Cellular towers capture logs of mobile subscribers whenever their devices connect to the network. When the logs show data traffic at a cell tower generated by a device, it reveals that this device is close to the tower. The logs can then be used to trace the locations of mobile subscribers for different applications, such as studying customer behaviour, improving location-based services, or helping urban planning. However, the logs often suffer from an oscillation phenomenon. Oscillations may happen when a device, even when not moving, does not only connect to the nearest cell tower, but is instead unpredictably switching between multiple cell towers because of random noise, load balancing, or simply dynamic changes in signal strength. Detecting and removing oscillations are a challenge when analyzing location data collected from the cellular network. In this paper, we propose an algorithm called SOL (Stable, Oscillation, Leap periods) aimed at discovering and reducing oscillations in the collected logs.
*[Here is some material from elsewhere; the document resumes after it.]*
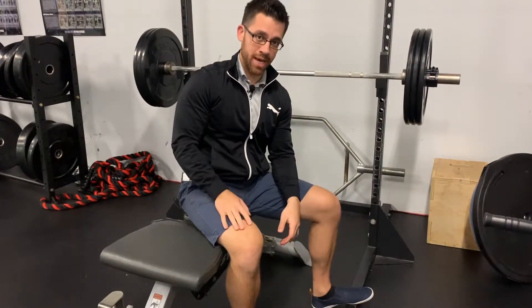You want to lie all the way back and grab the bar, making sure that your hands are evenly positioned between the weights. Once you get the bar into position and your hands on the bar, you want to take your shoulder blades and allow them to gently tuck underneath you.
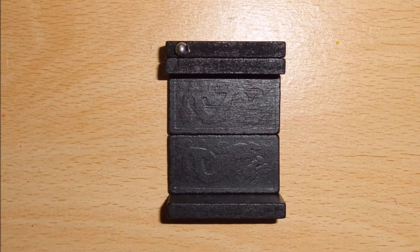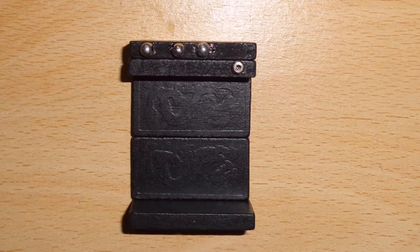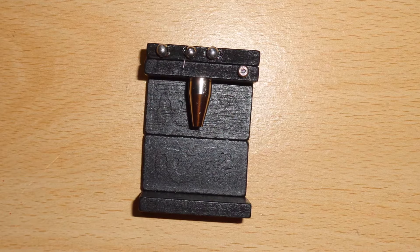After that, glue on silver beads for buttons. Next, remove the pen top from an old pen and glue this onto the machine.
We apply our algorithm on real datasets which contain about 18.9~TB of traffic logs generated by more than 3~million mobile subscribers covering about 21000 cell towers and collected during 27~days from both GSM and UMTS networks in northern China. Experimental results demonstrate the ability and effectiveness of SOL to reduce oscillations in cellular network logs.
海量手机流量数据的振荡分辨率
每当移动用户的设备连接到网络时,蜂窝发射塔就会捕获他们的日志。当日志显示某个设备生成的蜂窝塔上的数据流量时,就表明该设备靠近蜂窝塔。然后,这些日志可以用于追踪不同应用的移动用户的位置,例如研究客户行为,改进基于位置的服务,或帮助城市规划。然而,原木经常遭受振荡现象。当一个设备,即使没有移动,也不只是连接到最近的蜂窝塔,而是由于随机噪声、负载平衡或仅仅是信号强度的动态变化而在多个蜂窝塔之间不可预测地切换时,就可能发生振荡。在分析从蜂窝网络收集的位置数据时,检测和消除振荡是一个挑战。在本文中,我们提出了一种称为SOL(稳定,振荡,跳跃周期)的算法,旨在发现和减少收集日志中的振荡。我们将我们的算法应用于真实数据集上,这些数据集包含约18.9~TB的流量日志,这些数据集由中国北方GSM和UMTS网络在27~天内收集的,覆盖约21000个蜂窝塔,超过300万移动用户产生。实验结果证明了该方法在减少蜂窝网络日志振荡方面的能力和有效性。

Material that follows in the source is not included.